Copy exactly the lines of the material below that fall between the line with "This is a 2008" and the line with "All of you are", both of those lines included; pictures stay out.

(DATA RECORDS):
--- --- ---

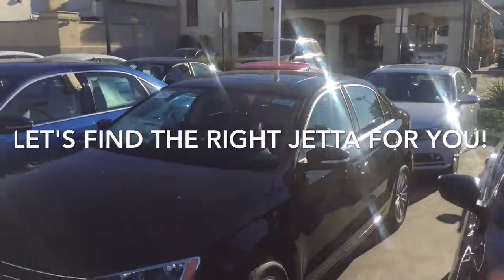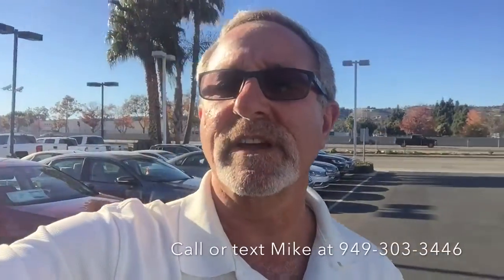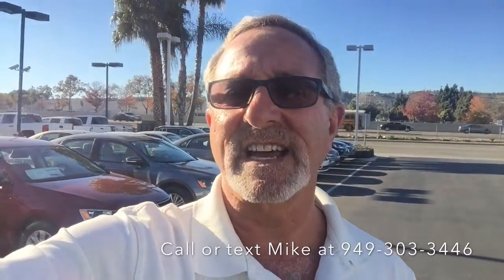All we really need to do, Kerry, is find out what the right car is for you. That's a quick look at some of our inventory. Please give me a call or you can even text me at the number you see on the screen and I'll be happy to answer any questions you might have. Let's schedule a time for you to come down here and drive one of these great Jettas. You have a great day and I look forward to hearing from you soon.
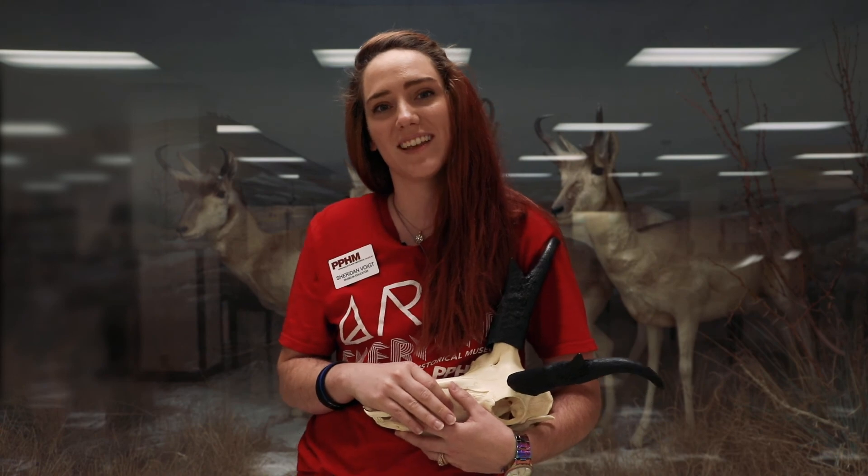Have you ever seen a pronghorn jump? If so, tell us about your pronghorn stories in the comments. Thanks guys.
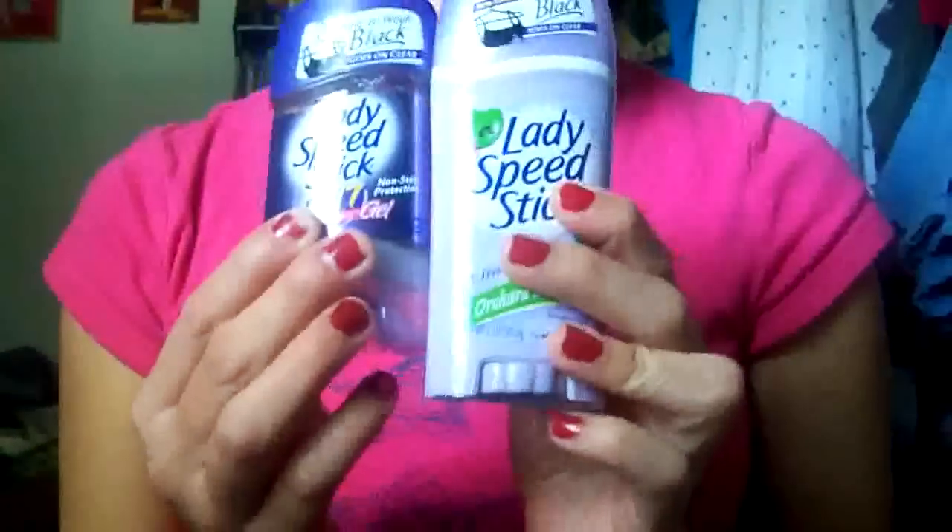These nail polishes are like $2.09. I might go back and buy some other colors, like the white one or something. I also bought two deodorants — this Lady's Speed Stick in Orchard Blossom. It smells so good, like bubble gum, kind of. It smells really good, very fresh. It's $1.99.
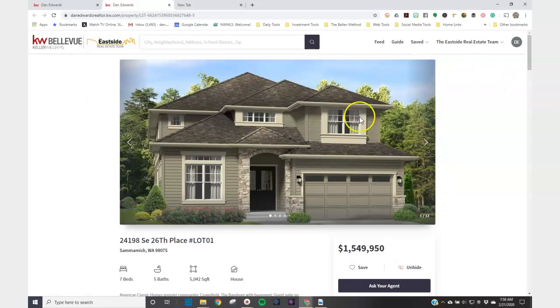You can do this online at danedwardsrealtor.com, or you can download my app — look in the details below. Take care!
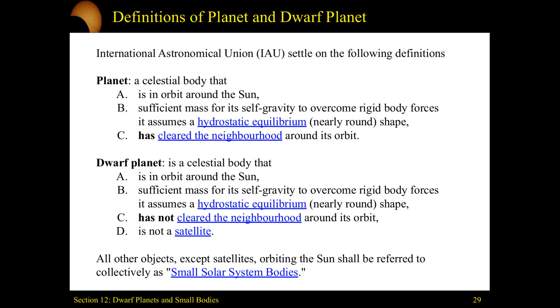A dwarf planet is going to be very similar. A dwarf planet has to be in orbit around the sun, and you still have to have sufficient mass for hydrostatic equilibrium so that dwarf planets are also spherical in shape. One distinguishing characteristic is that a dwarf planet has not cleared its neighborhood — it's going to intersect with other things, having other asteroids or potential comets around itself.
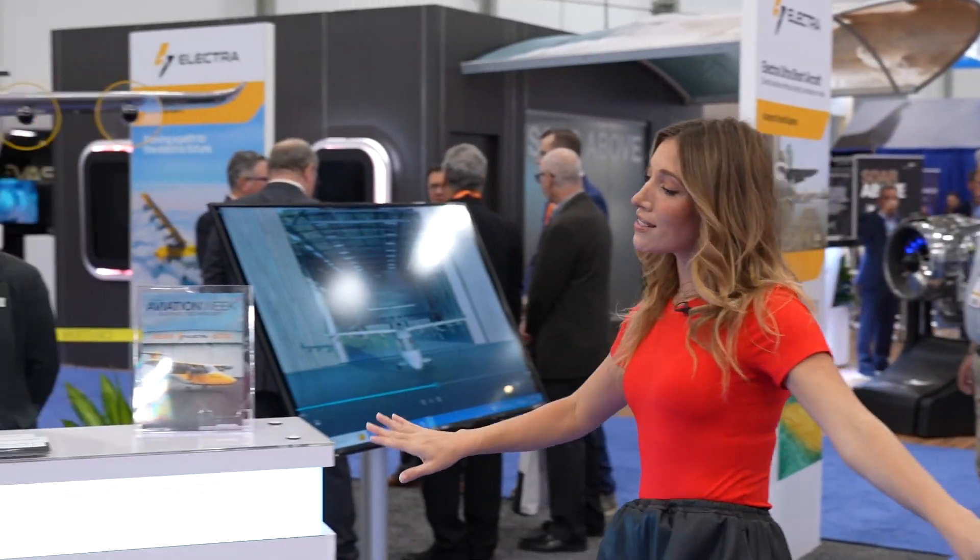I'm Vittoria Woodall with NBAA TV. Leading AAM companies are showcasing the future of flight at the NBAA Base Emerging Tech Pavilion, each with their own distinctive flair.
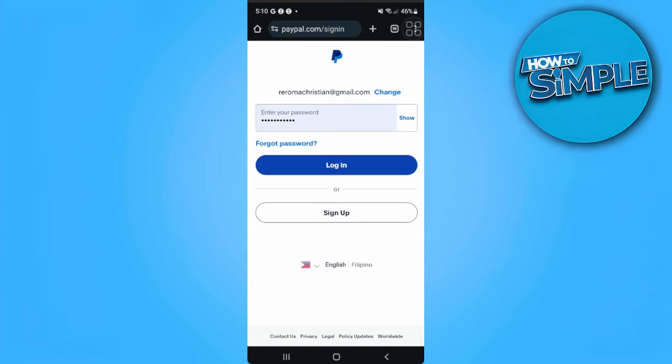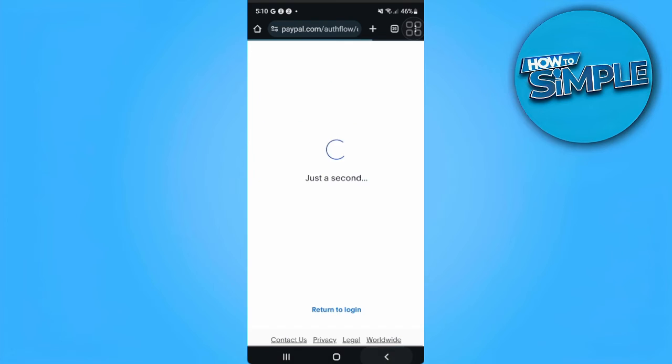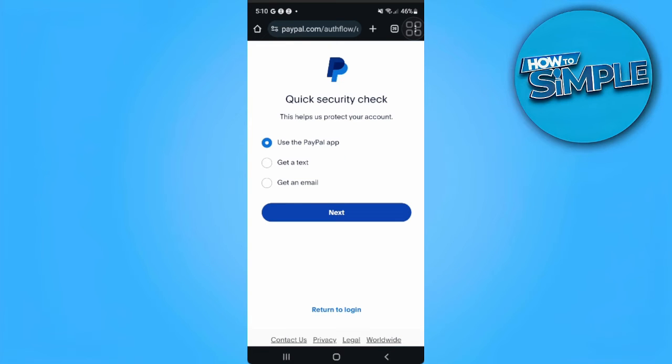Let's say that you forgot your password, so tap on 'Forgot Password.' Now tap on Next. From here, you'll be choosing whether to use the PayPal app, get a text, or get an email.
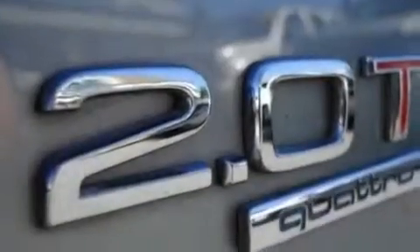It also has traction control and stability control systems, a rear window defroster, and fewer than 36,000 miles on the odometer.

--- --- ---

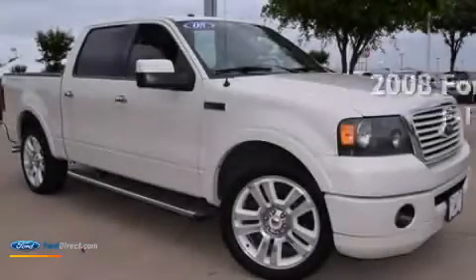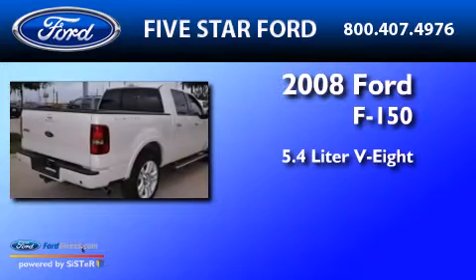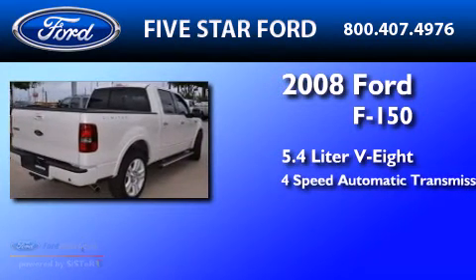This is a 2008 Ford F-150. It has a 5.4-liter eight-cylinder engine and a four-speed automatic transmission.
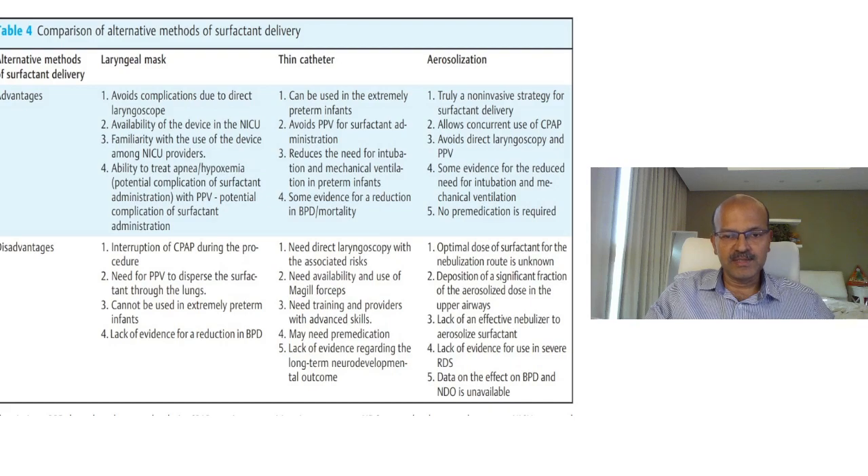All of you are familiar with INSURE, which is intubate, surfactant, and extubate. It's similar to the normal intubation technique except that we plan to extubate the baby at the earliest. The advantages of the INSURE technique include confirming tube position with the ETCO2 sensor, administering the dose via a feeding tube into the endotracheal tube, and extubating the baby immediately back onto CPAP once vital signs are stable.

--- --- ---

(TASK SOLUTION):
This is a 2008 Ford F-150. It has a 5.4-liter eight-cylinder engine and a four-speed automatic transmission.
All of you are familiar with INSURE, which is intubate, surfactant, and extubate. It's similar to the normal intubation technique except that we plan to extubate the baby at the earliest. The advantages of the INSURE technique include confirming tube position with the ETCO2 sensor, administering the dose via a feeding tube into the endotracheal tube, and extubating the baby immediately back onto CPAP once vital signs are stable.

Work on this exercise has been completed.